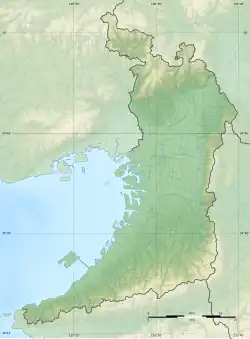 قلعه چیهایا در Osaka Prefecture واقع شده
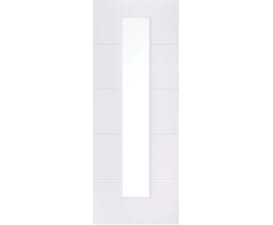 Santandor White 1L - Clear Glazed Internal Doors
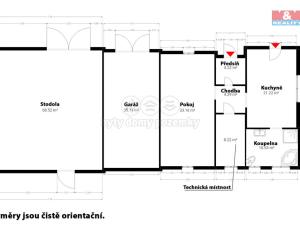 Prodej rodinného domu, Měčín - Radkovice, 83 m2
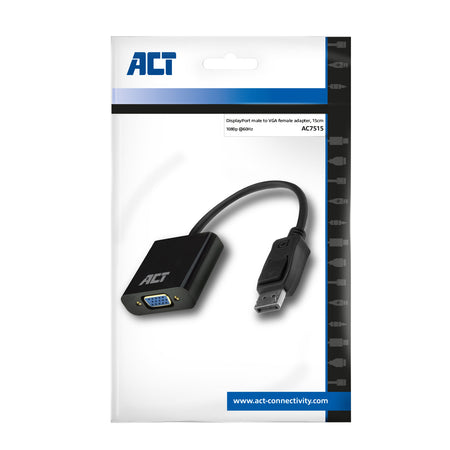 ACT -   DisplayPort naar VGA adapter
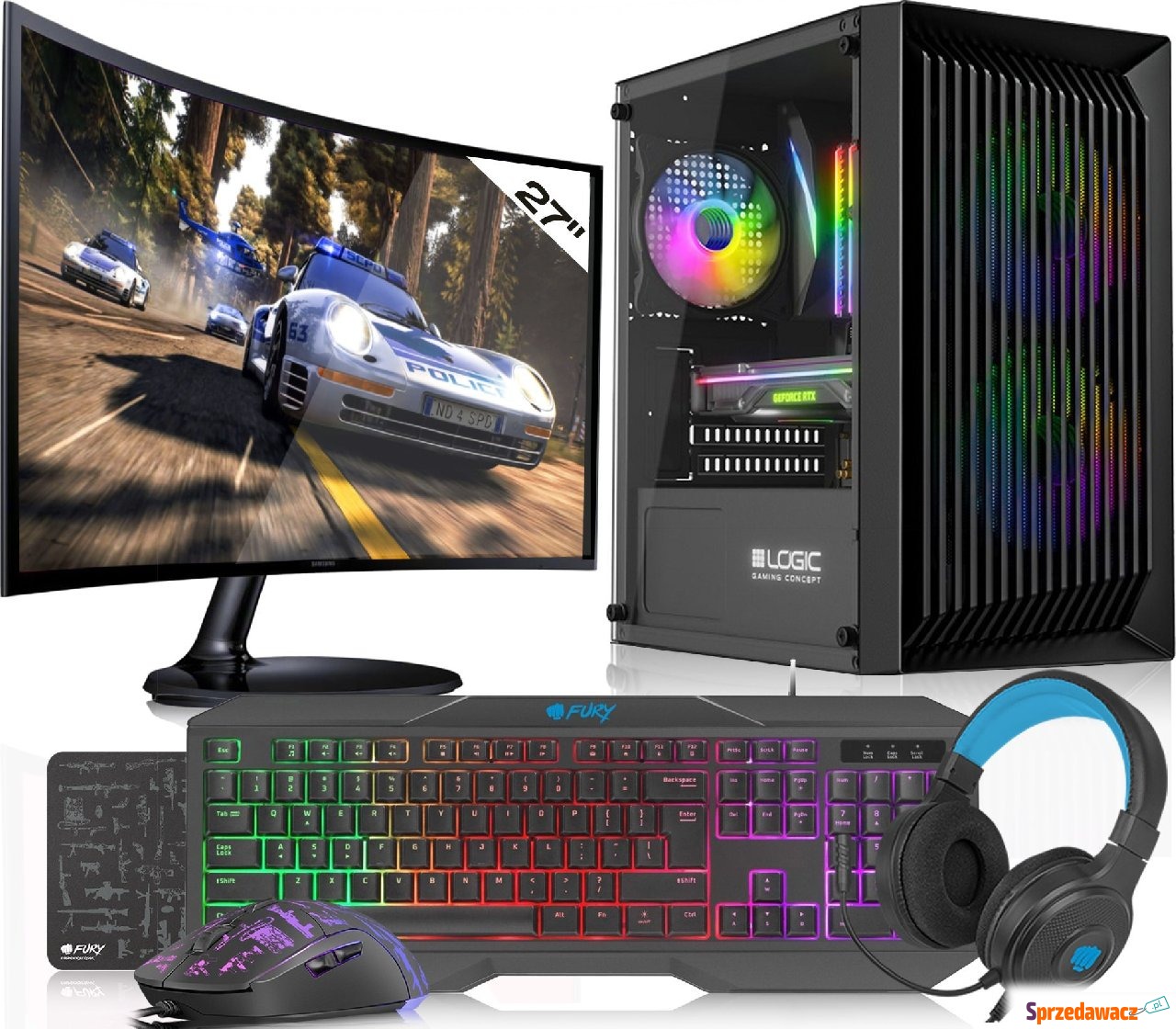 Komputer Vist Zestaw R7 5700G RX...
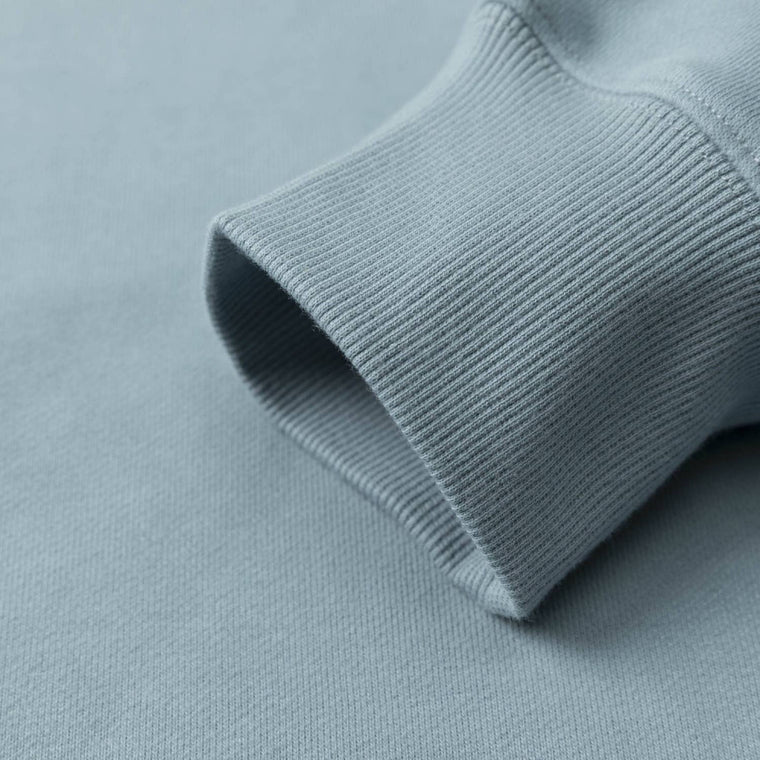 MADNESS MIL-TYPE CREW SWEATER-DUSTY BLUE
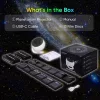 Galaxy projektor éjszakai fény - 13 cserélhető filmes koronggal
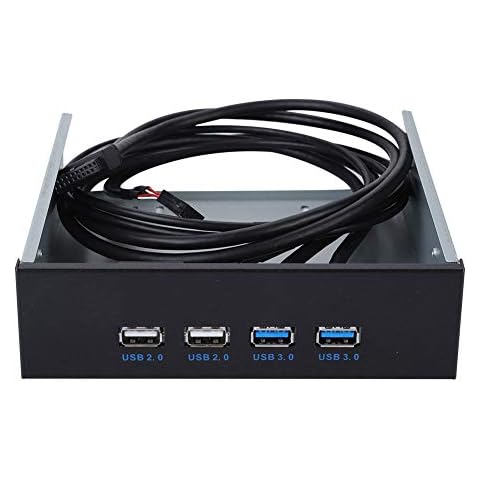 ASHATA 4 Port USB 3.0 Hub with Front Panel Cover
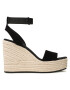 Calvin Klein Jeans Espadrile Wedge Sandal Su Con YW0YW01026 Črna - Pepit.si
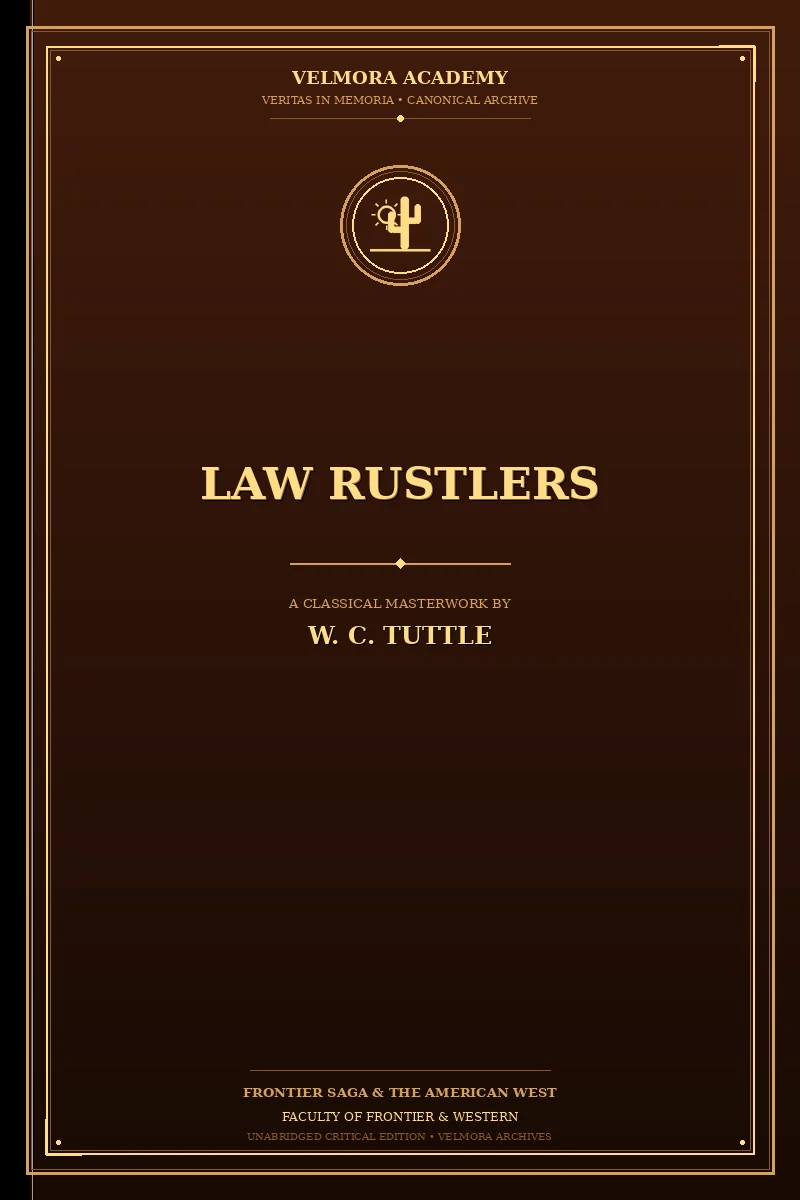 Cover of Law Rustlers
+ + + + +
Print the line above containing "naar VGA adapter", the line containing "ASHATA 4 Port", and everything between them, exactly as written. Pictures stay out.

- **EXPECTED ANSWER**:
 ACT -   DisplayPort naar VGA adapter
 Komputer Vist Zestaw R7 5700G RX...
 MADNESS MIL-TYPE CREW SWEATER-DUSTY BLUE
 Galaxy projektor éjszakai fény - 13 cserélhető filmes koronggal
 ASHATA 4 Port USB 3.0 Hub with Front Panel Cover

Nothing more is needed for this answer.